Check the output file size. A 20-photo HEIC batch can produce anything from a 5MB to a 50MB PDF depending on compression settings. CloudConvert gives you the most control here. For email-friendly size, aim for medium compression.

Page layout considerations. Portrait HEIC photos on a landscape PDF page (or vice versa) leave ugly white bars. Match your page orientation to the majority of your photos, or use a tool that auto-rotates pages to fit each image.

Metadata is preserved (usually). GPS coordinates, timestamps, and camera settings stored in HEIC EXIF data typically survive the conversion to PDF. If you’re sharing sensitive photos, strip metadata first using a tool like an image-to-PDF converter that offers metadata removal.

FAQ

What is HEIC and why can’t I open it on Windows?

HEIC (High Efficiency Image Container) is Apple’s default photo format since iOS 11. It produces files about 50% smaller than JPG at the same quality. Windows doesn’t support it natively without installing the HEIF Image Extensions from the Microsoft Store. Converting to PDF sidesteps compatibility issues entirely.

Is it free to convert HEIC to PDF?

Yes. PDF24 is completely free with no file limits. iLovePDF allows 1 free task per hour. CloudConvert gives you 25 free conversions per day. On Mac, Preview does it with zero cost or limits.

Can I combine multiple HEIC photos into one PDF?

Yes. PDF24, iLovePDF, Smallpdf, and CloudConvert all support batch upload and merging into a single PDF. On Mac, Preview can do this natively. On iPhone, the Files app lets you select multiple images and create one PDF from them.

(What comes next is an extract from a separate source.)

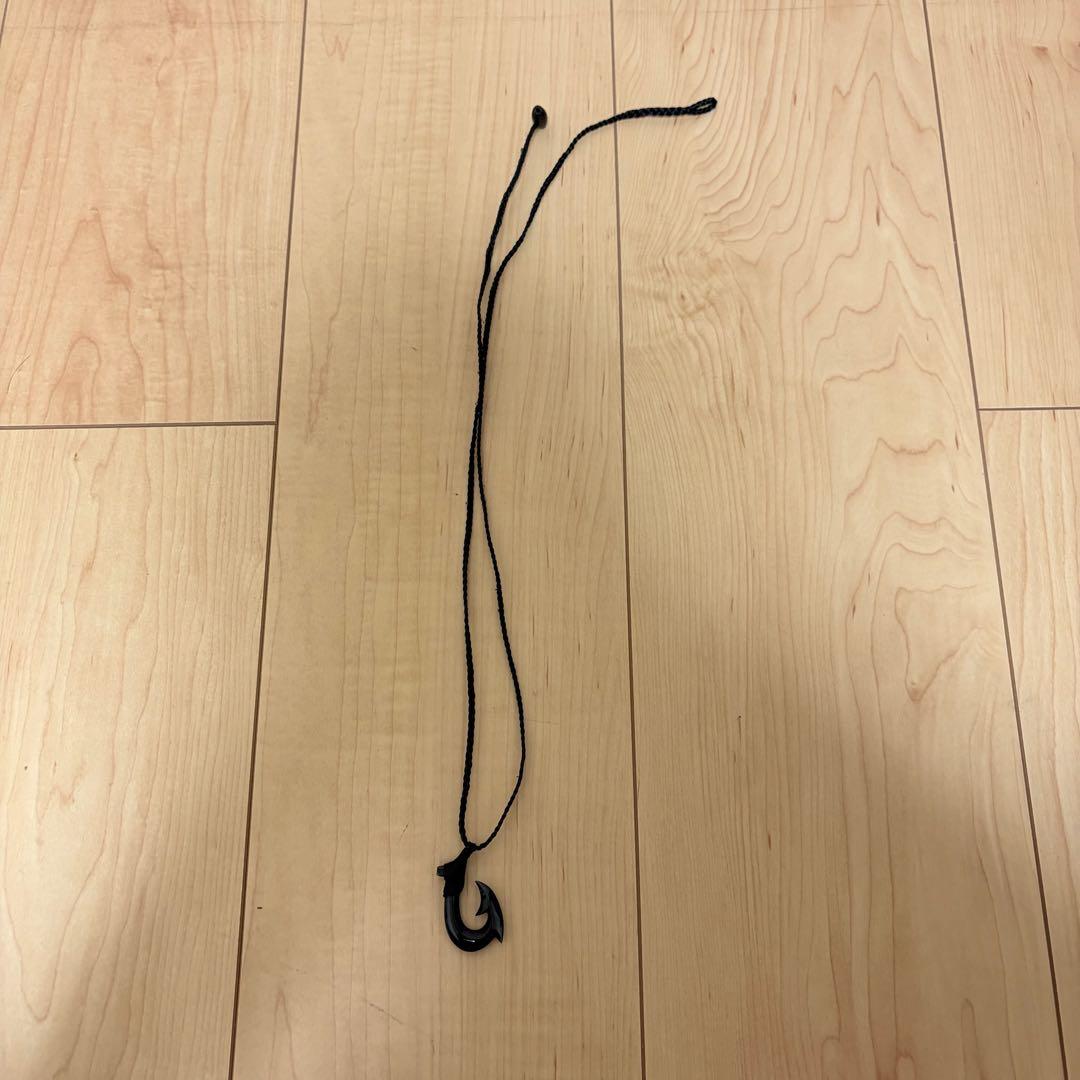 ハワイアンジュエリー Black jade fish hook necklace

Does converting HEIC to PDF reduce image quality?

It depends on the tool. PDF24 and CloudConvert preserve original quality by default. Smallpdf and iLovePDF apply some compression. For lossless conversion, use CloudConvert with quality set to maximum or use Preview on Mac.

What’s the fastest way to convert HEIC to PDF on iPhone?

Open the photo in the Files app, long-press, select Quick Actions > Create PDF. No app install needed. Works on iOS 15 and later. Takes about 10 seconds per file.